第9話:ブラ幻想トーナメントあるいは日本からティッシュが消えた日


話は少し戻って、第8話の前のお話。


1. 導入:禁断のイメトレと「サプライズ」

探偵事務所の奥。久我奏太は、モニターに映る星野めるるのライブ映像を食い入るように見つめながら、両手を宙で泳がせていた。指先を細かく動かし、虚空の弾力を確かめるその姿は、客観的に見て事案である。


「めるるん、きっと柔らかいだろうな……」


そこへ、助手のユウキがニコニコしながらドアを開けた。


「久我さーん、お茶淹れました……あ。」


「!? おい! 待てユウキくん! 勘違いするなよ! これはイメージトレーニングだ!」


「フフフ、いいんですよ久我さん。男は皆、グラビアを妄想に抱きますから……さあ、そんな久我さんにすごいサプライズですよ。久我さん、今回は除霊ではなく、彼女の深層心理に入り込み、彼女の『一番のブラ』を探しましょう!」


ユウキがドアを大きく開けると、そこには帽子を深く被り、目に涙を溜めた下着姿の本物の星野めるるが立っていた。

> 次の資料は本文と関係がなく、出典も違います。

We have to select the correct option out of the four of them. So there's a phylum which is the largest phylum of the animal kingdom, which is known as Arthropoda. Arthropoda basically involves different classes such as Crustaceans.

「久我さん……助けてください。私、最近仕事が手につかなくなっちゃって……。何を着ても、どうしても胸のあたりがモゾモゾして……。撮影中も、歌っている時も、不快感で集中できなくて……。私にとっての『一番』が、もう分からなくなっちゃったんです」


2. 導火線:探偵の「聖域」と天国の手触り

Eカップという「造形美の極致」ゆえに、数多のブラに翻弄され、物理的な違和感に苛まれる彼女の胸。久我は彼女を救いたい一心で手を伸ばしかけ――しかし、激しい戸惑いに襲われた。


(……触って、いいのか? ファンというのは、本来、距離を守る生き物だ。憧れのまま、触れぬ聖域として眺めている方が良いのではないか。触れてしまえば、彼女をただの『生身の女』として上書きしてしまい、逆に遠くへ行ってしまうのではないか……)


崇高なファン心理ゆえに硬直する久我。だが、背後からユウキがニコニコしながら久我の背中を押し、その両手を強引にめるるの胸へと導いた。


「さあ久我さん、グズグズしないで! 早くダイブしてくださいね! はい、ドーン!」


「ちょ、ユウキきゅん……あっ!!」


プニュプニュン……。


「……っ、やはりレベチだ!」


触れた瞬間、偶像は圧倒的な熱を持った。指先から伝わる瑞々しい弾力。揉むことで伝わる生命の脈動。それは、葛藤を吹き飛ばすほどに天国のような手触りだった。


「はぁ……天国みたいだ……一生このままでいたい」


――サイコメトリー、起動。久我の意識は、彼女の精神世界「ブラの闘技場」へとダイブした。


3. ブラ幻想トーナメント:激闘の記録


久我の意識がダイブしためるるの深層心理。そこは、の神々が激突する巨大な黄金の競技場だった。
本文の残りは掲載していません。